For Spotkin’s latest game, Contraption Maker, I found an excellent crash reporting service called HockeyApp. It has great support for OSX out of the box. Unfortunately, it does not have support for Microsoft Windows, which is over 90% of our customer base.
For those who want to see the end result without reading any further, here is a diagram of the crash reporting architecture we ended up with. I’ll describe more in detail how we arrived at this point.
I first looked into the Microsoft Windows Error Reporting Service. From what I read that requires getting a Verisign certificate that costs around $400 dollars a year. HockeyApp, on the other hand, is only $100 a year.

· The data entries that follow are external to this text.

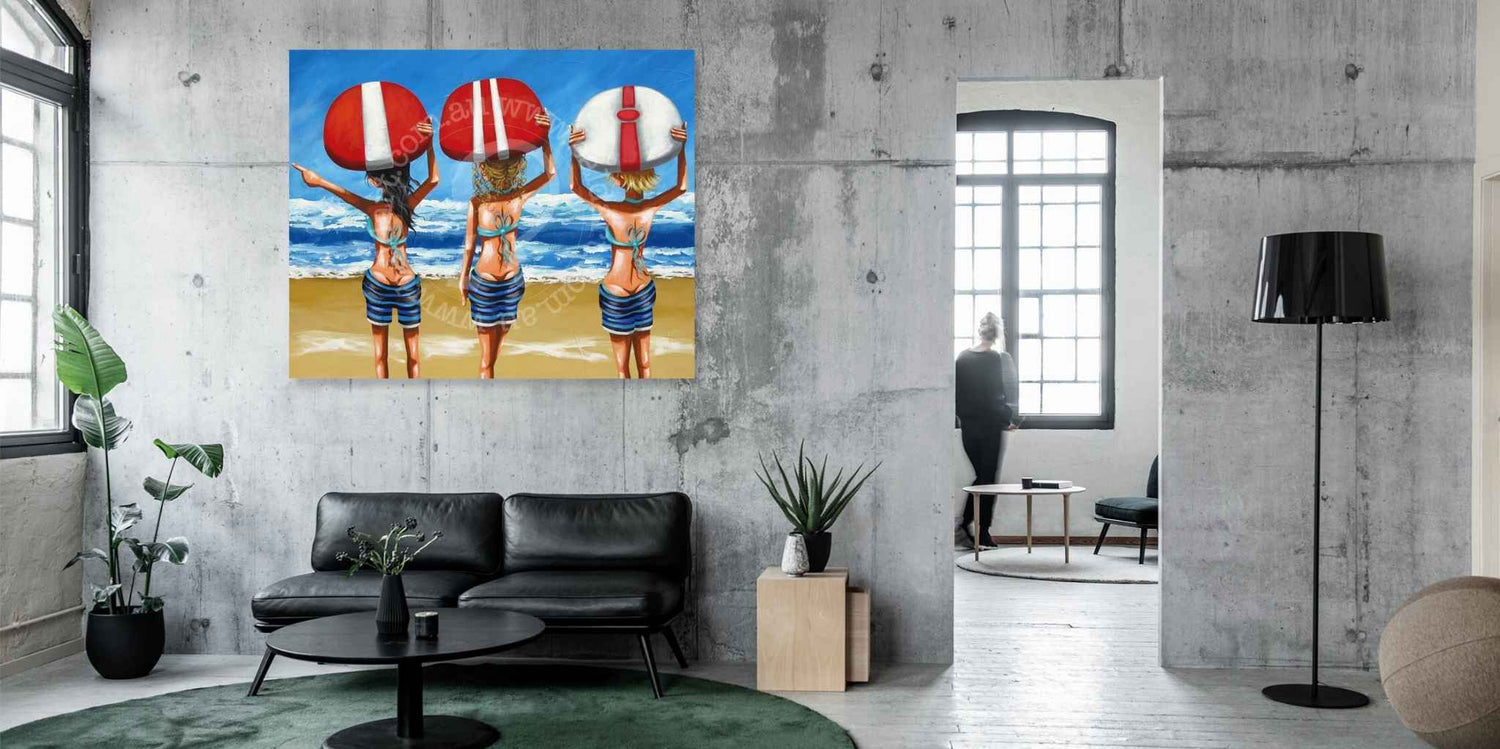 Modern interior with a painting of three people holding beach balls on a wall.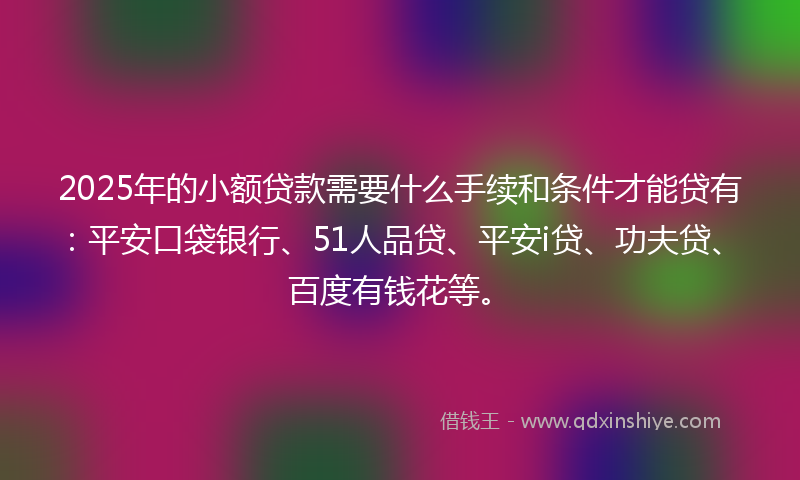 2025年的小额贷款需要什么手续和条件才能贷有：平安口袋银行、51人品贷、平安i贷、功夫贷、百度有钱花等。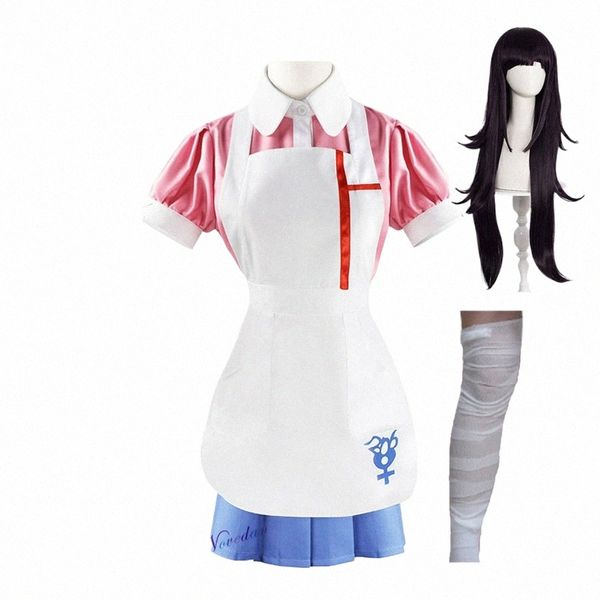 Anime Danganrpa Mikan Tsumiki Cosplay Kostüm Halen Party Ultimative Krankenschwester Kostüm Rosa Cafe Maid Uniform Outfit Für Frauen j80k #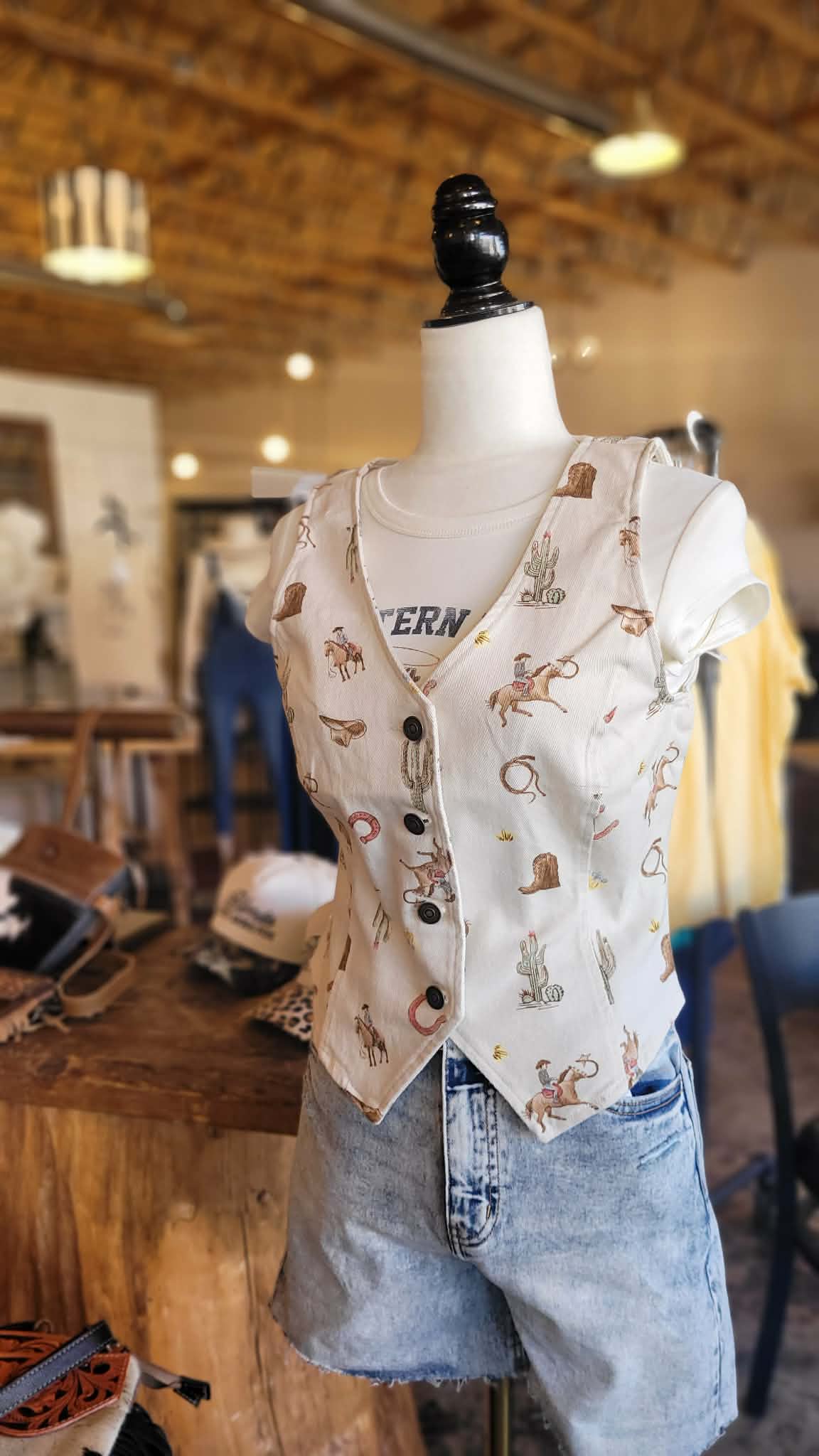Alison Western Print Button Down Denim Vest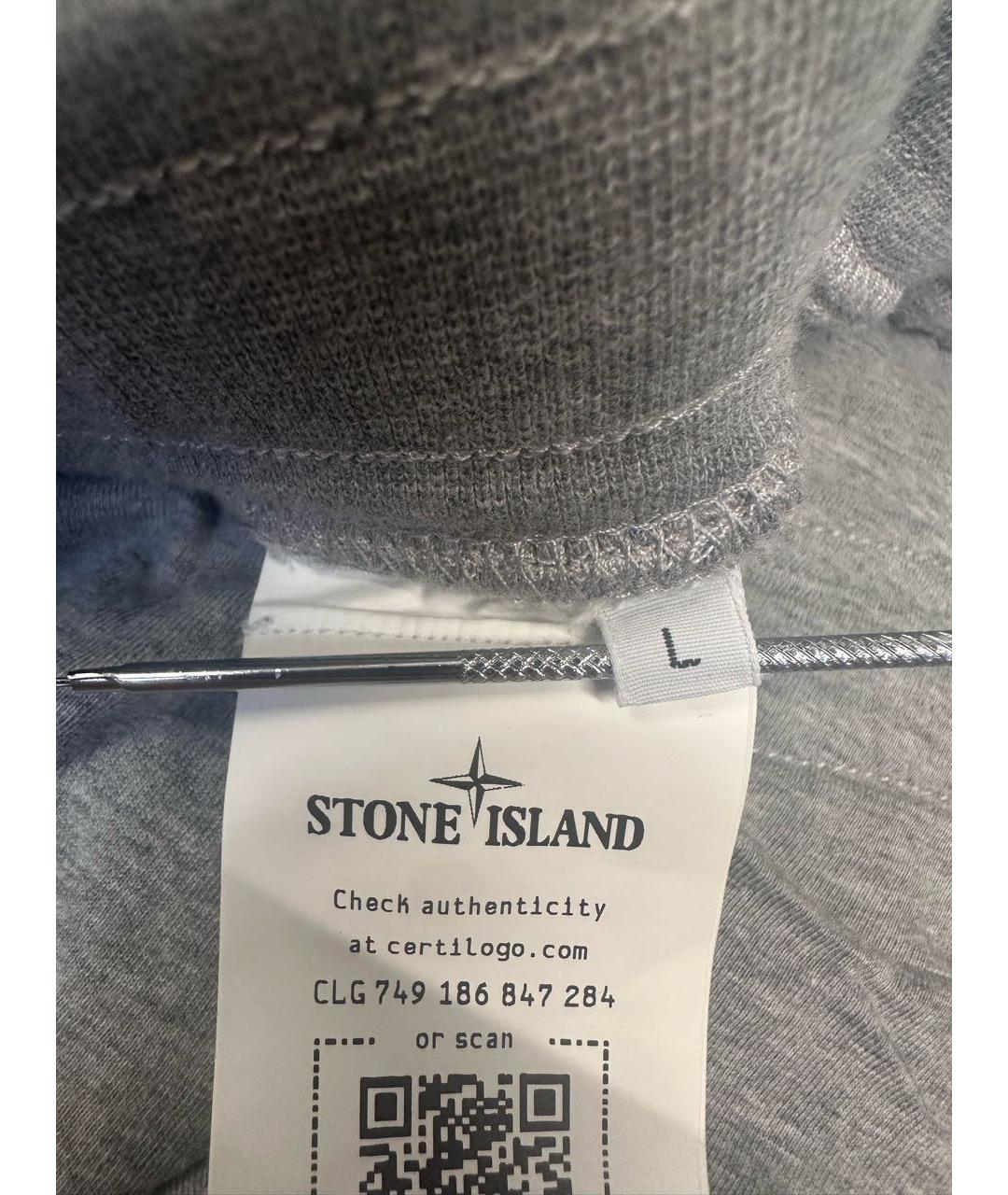 STONE ISLAND Серые хлопковые повседневные брюки, фото 6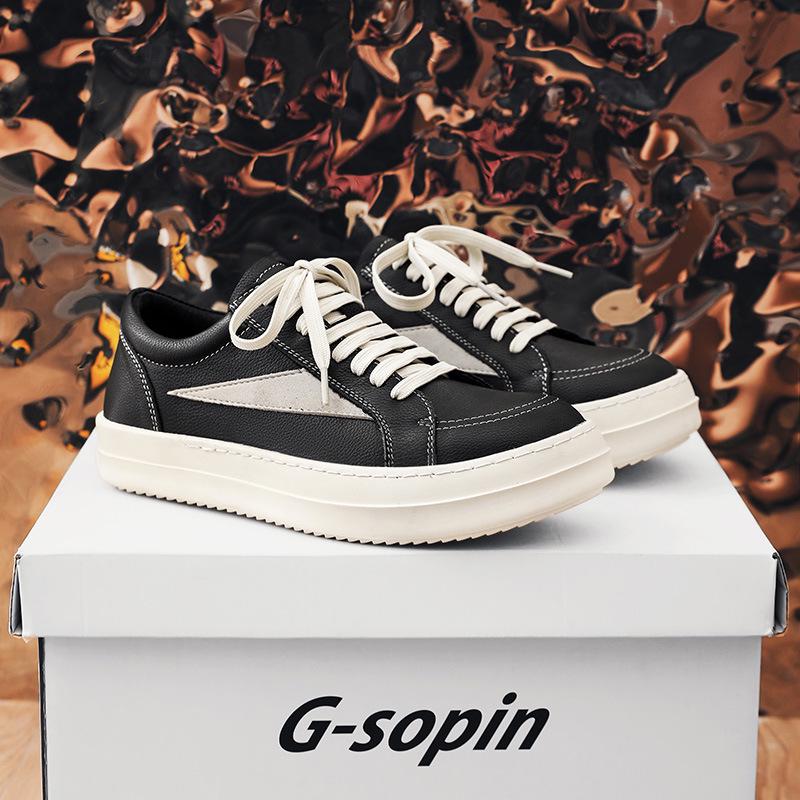 Men's Autumn Black & White Height-Boosting Skate Shoes - Trendy, Casual, and Versatile Low-tops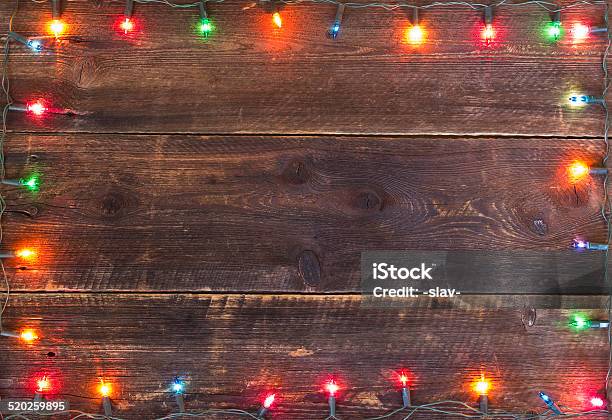 Christmas Lights Frame Stock Photo - Download Image Now - Christmas, Rural Scene, Border - Frame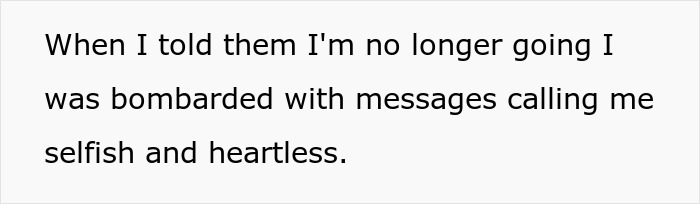 Text on screen describing a childfree woman facing pressure from relatives to take on daycare duty during vacation.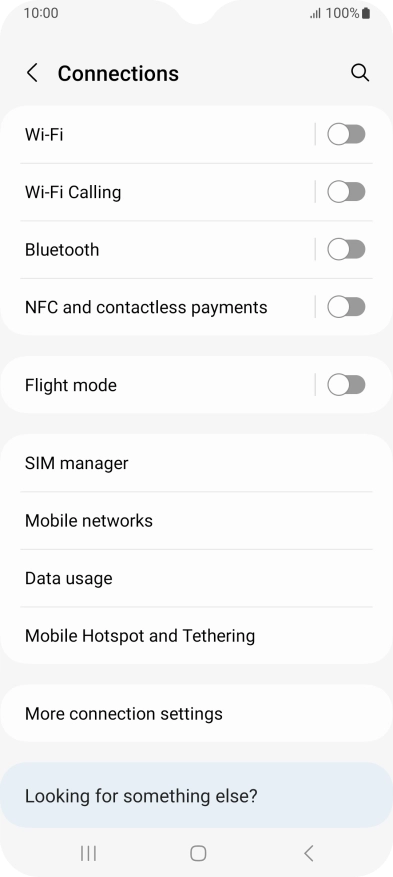 Press Data usage.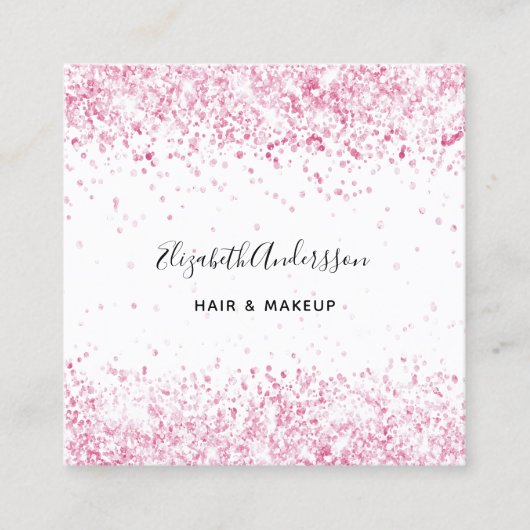 赤面ピンク白プロファイル写真qrコード スクエア名刺 (正面)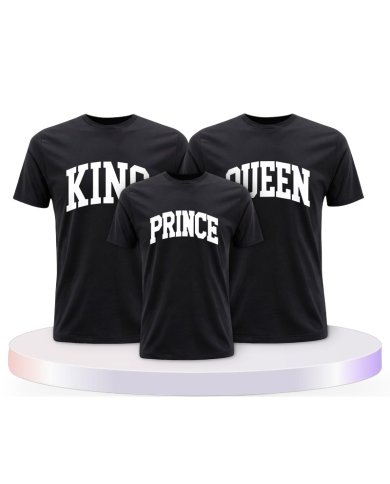 King Queen Prince Princess mit Kurviger Form Familien T-Shirts |.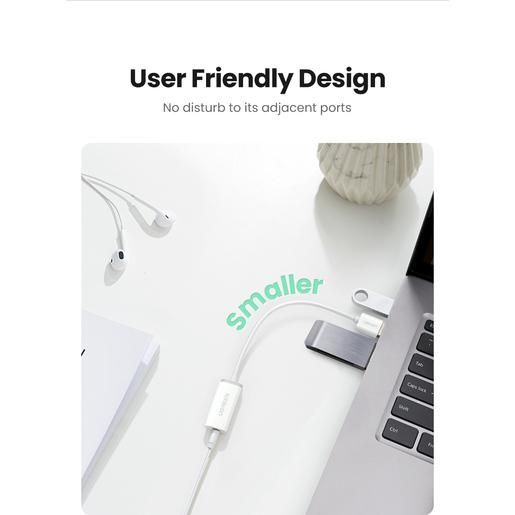 Внешняя звуковая карта UGREEN US206 30712 USB A Male to 3.5 mm Aux Cable. Цвет: белый 30712_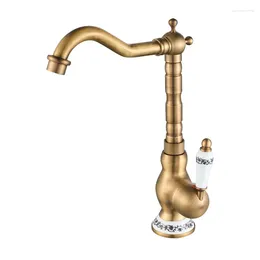 Kitchen Faucets Ancient Copper Brass Bathroom Faucet Cold And Basin Antique 360 Degree Rotatable Water Tap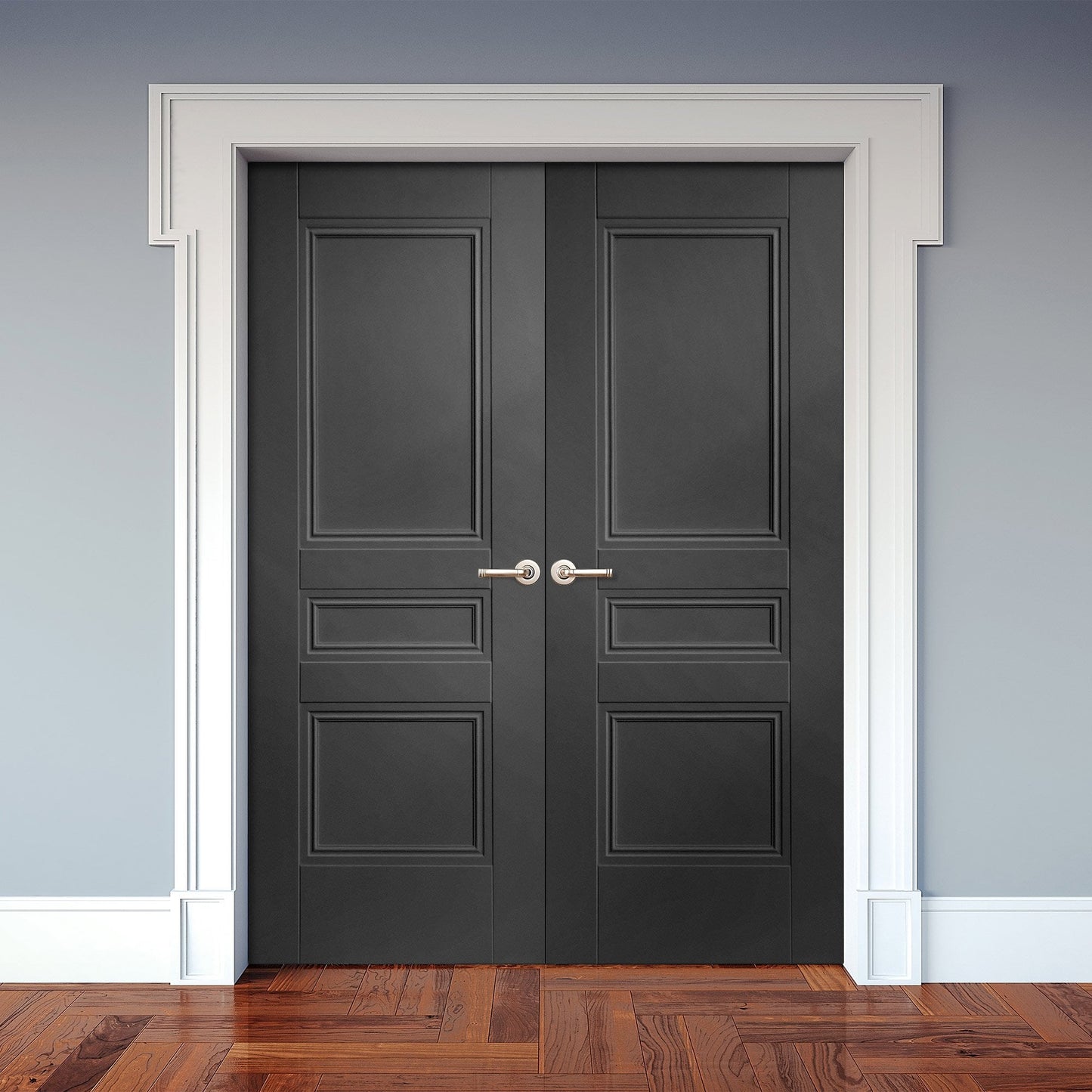 Internal Black Primed Henley 3 Panel Pair Door (121322)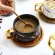 Creative Fresh Nordic Style Marble Matte Gold Ceramic Cup Tea Mug With Wooden Lid Tray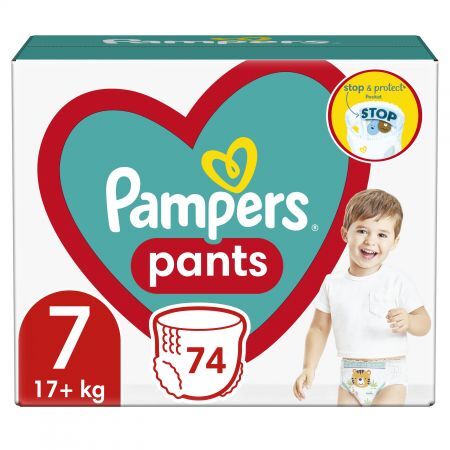 Pampers Pants 7 Pieluchomajtki 17+ kg, 74 sztuki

Our game is on Steam, and Steam has built-in crash reporting, but that would not help us if we released a version outside of Steam. Also, Steam only reports crashes after eight crashes have occurred, and I wanted to get reports for all crashes as soon as they happened.
So, I went back to HockeyApp. It turns out that HockeyApp has a REST API that lets you upload custom crash reports via an HTTP post. I thought I could use this to upload Windows crash reports, but first I would need to generate crash files for Windows.
I decided to use Google’s Breakpad project for generating the Windows crash reports. I thought Breakpad was a good choice as I could eventually use it for Linux crash reporting as well. Hooking up Breakpad in Contraption Maker was very simple, and I was soon writing crash dumps to the filesystem. Now I needed to get them symbolicated and into HockeyApp.
I could have uploaded the crash report directly from the app to HockeyApp, but the crash report would then not be symbolicated. I’d have to download the dump files and process them to find out where crashes were happening. Intermediate processing was needed.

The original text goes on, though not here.